As I detail in Return of the Strong Gods, the open-society consensus and small-minded, debunking gestures of “critical thinking” have stripped our society of legitimate authority. God is treated as an oppressive illusion. The nation is a racist conspiracy with origins in settler colonialism. Marriage has been redefined beyond recognition. Not even nature herself is permitted to issue her gentle commands concerning what it means to be born as male or female. As a consequence, we are abandoned to our unruly desires, now liberated, while at the same time enslaved to a technocratic regime of utility-maximization. Neither path leads to self-possession, which can be attained only in and through obedience to something higher than oneself.

Woke activism has great appeal because it serves as a seemingly noble cause. Fight racism! Defend transgender rights! Save the planet! From the River to the Sea! But as I note above, this option suffers from its success. A smart young person recognizes that fully funded activism (the kind that helps you gain admission to Ivy League schools) hardly counts as an adventure of the soul. Moreover, the woke agenda and other progressive programs are political. Transforming society is not the same as the interior drama of love and devotion. As a consequence, when the desire to live for something other than oneself awakens in a young person, given the cultural and political realities of our time, he’s likely to turn rightward and seek what I call the “strong gods.”

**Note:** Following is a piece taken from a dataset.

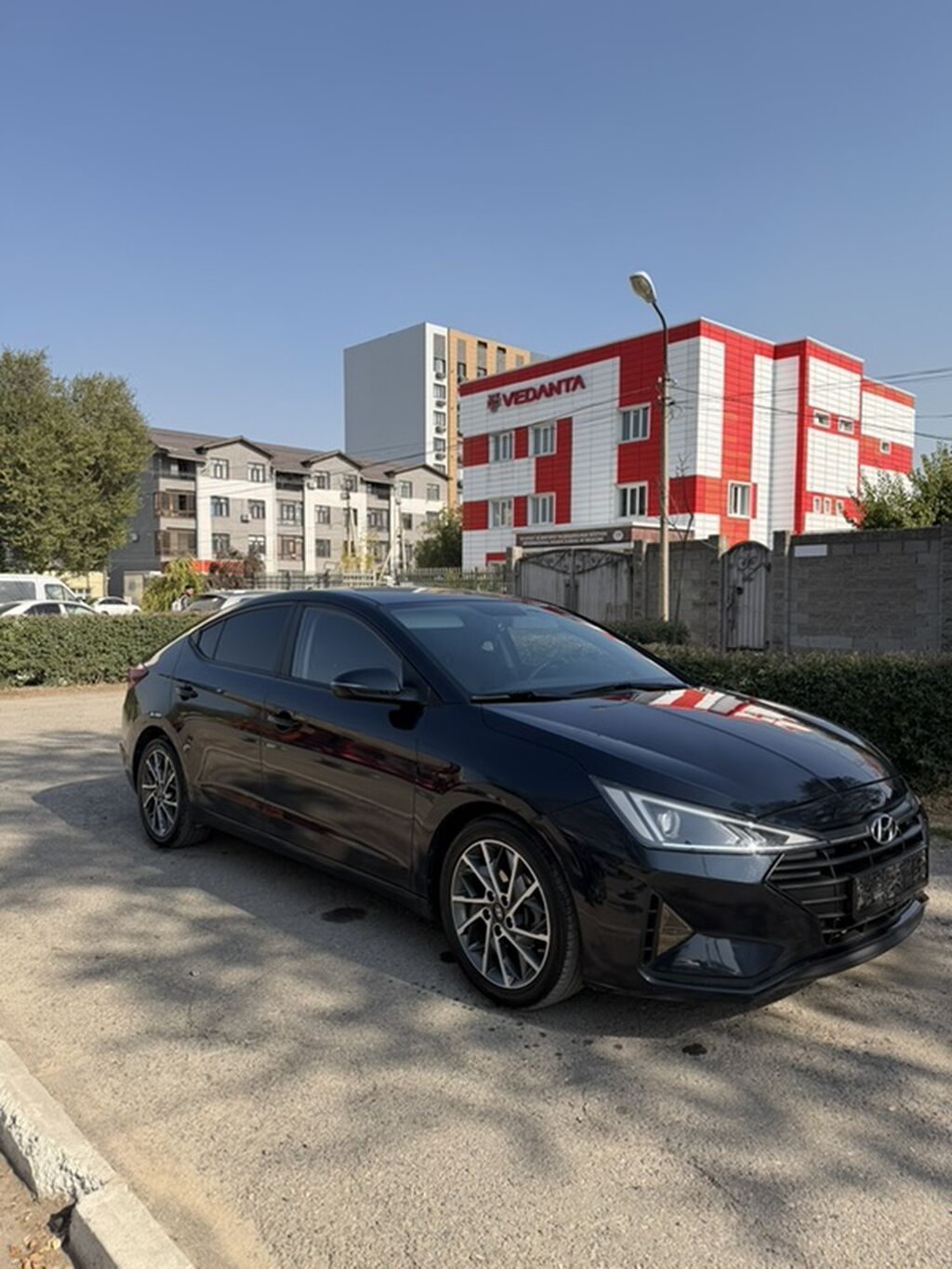 Hyundai Avante: 2019 г., 1.6 л, Автомат, Бензин, Седан: фото 3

Most people follow the herd. Progressivism is sure to maintain its hegemony, at least in the short and medium term. But the old adventures of liberation have become clichés. Allen Ginsberg got establishment accolades before he died, and that was a generation ago. Today the thrill of danger, visions of heroic self-sacrifice, and the romance of transcendence are to be found in the burning embers of authority. Jordan Peterson’s remarkable ascent a few years ago was a harbinger; the popularity of the Latin Mass among young Catholics is a sign. Young men in Finland and elsewhere are not going to church in order to “turn back the clock.” Students are not reading Ernst Jünger and Carl Schmitt and entertaining integralist and postliberal theories because they “fear change.” They want to stoke their metaphysical imaginations and find their way out of the spiritual poverty of the late-modern West. However much I fear the false prophets and excesses of passion that are sure to come, I share their hopes and ambitions.